DATA PROVIDED.
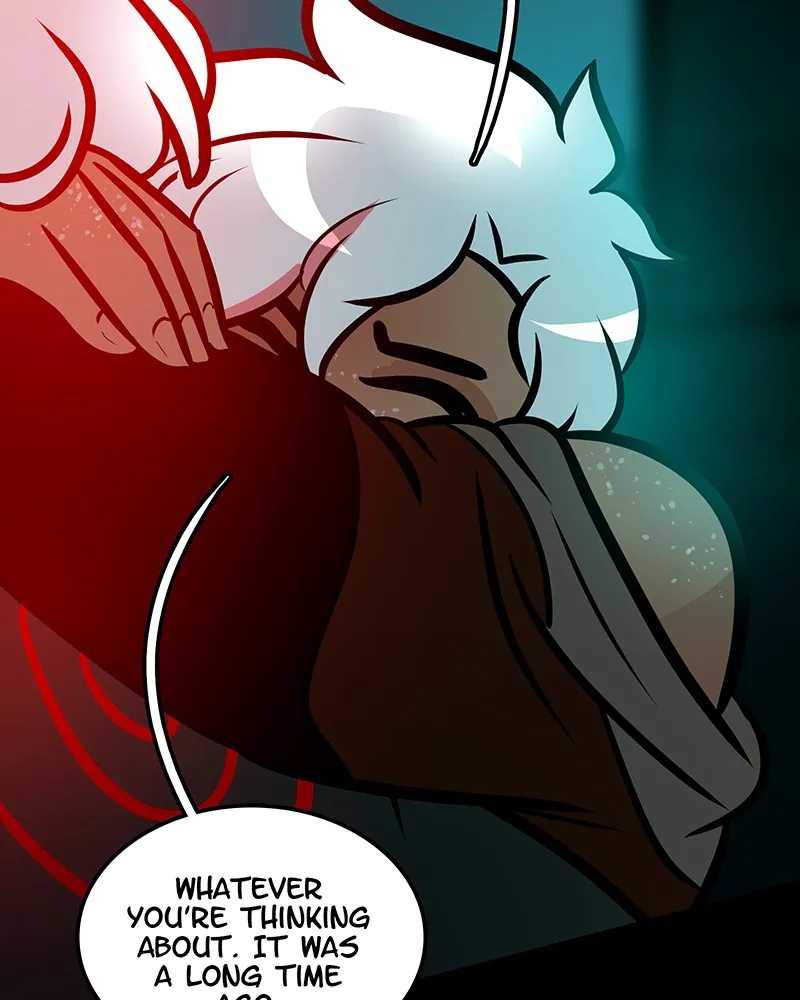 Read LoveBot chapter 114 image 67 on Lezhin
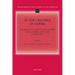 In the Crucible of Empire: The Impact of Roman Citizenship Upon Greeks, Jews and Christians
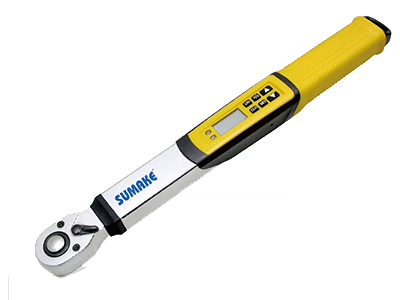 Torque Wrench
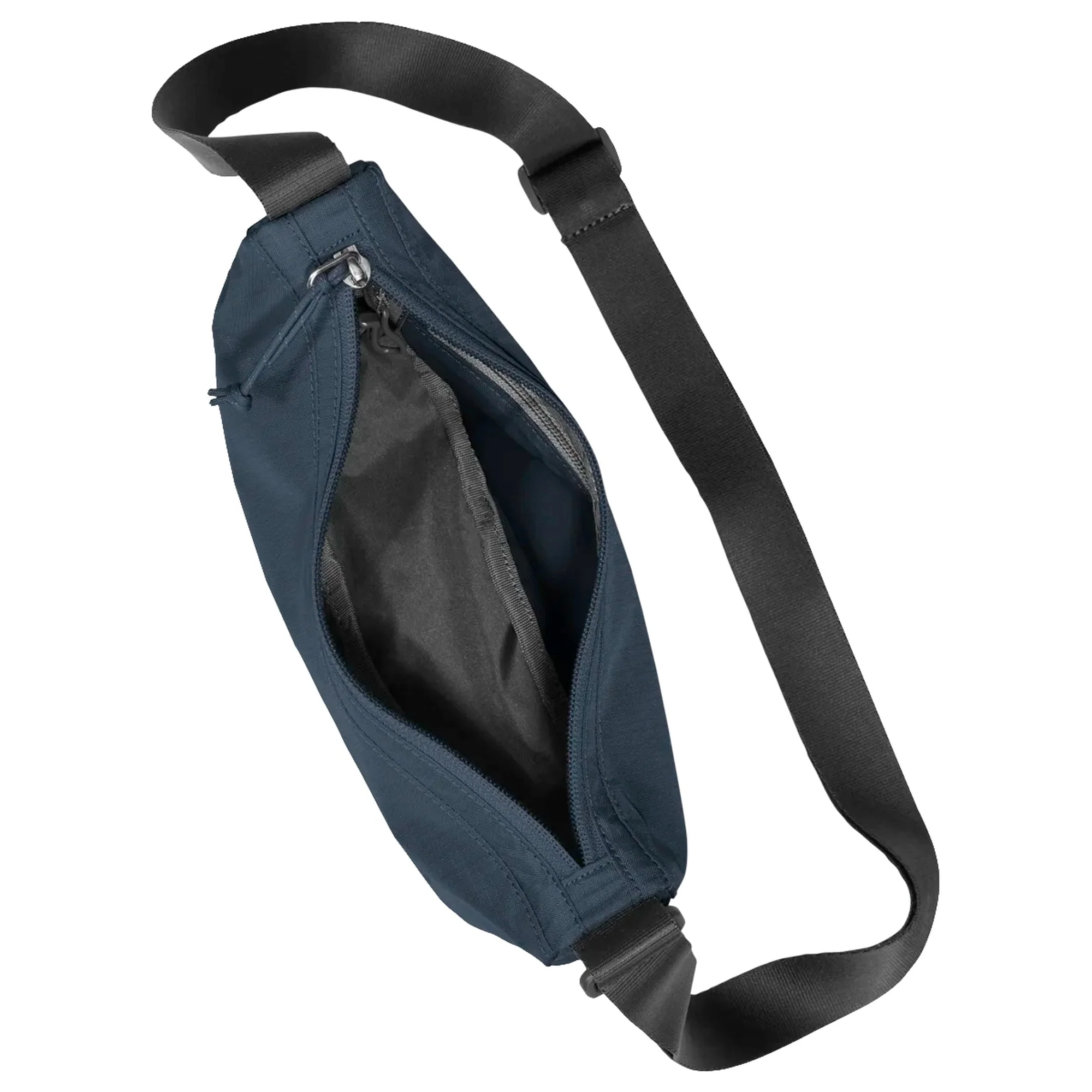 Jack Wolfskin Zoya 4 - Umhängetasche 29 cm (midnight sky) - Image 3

ABOUT THIS EXERCISE. When copying the listing, print each line exactly but leave out every picture.

WRITTEN ANSWER.
 Read LoveBot chapter 114 image 67 on Lezhin
 In the Crucible of Empire: The Impact of Roman Citizenship Upon Greeks, Jews and Christians
 Torque Wrench
 Jack Wolfskin Zoya 4 - Umhängetasche 29 cm (midnight sky) - Image 3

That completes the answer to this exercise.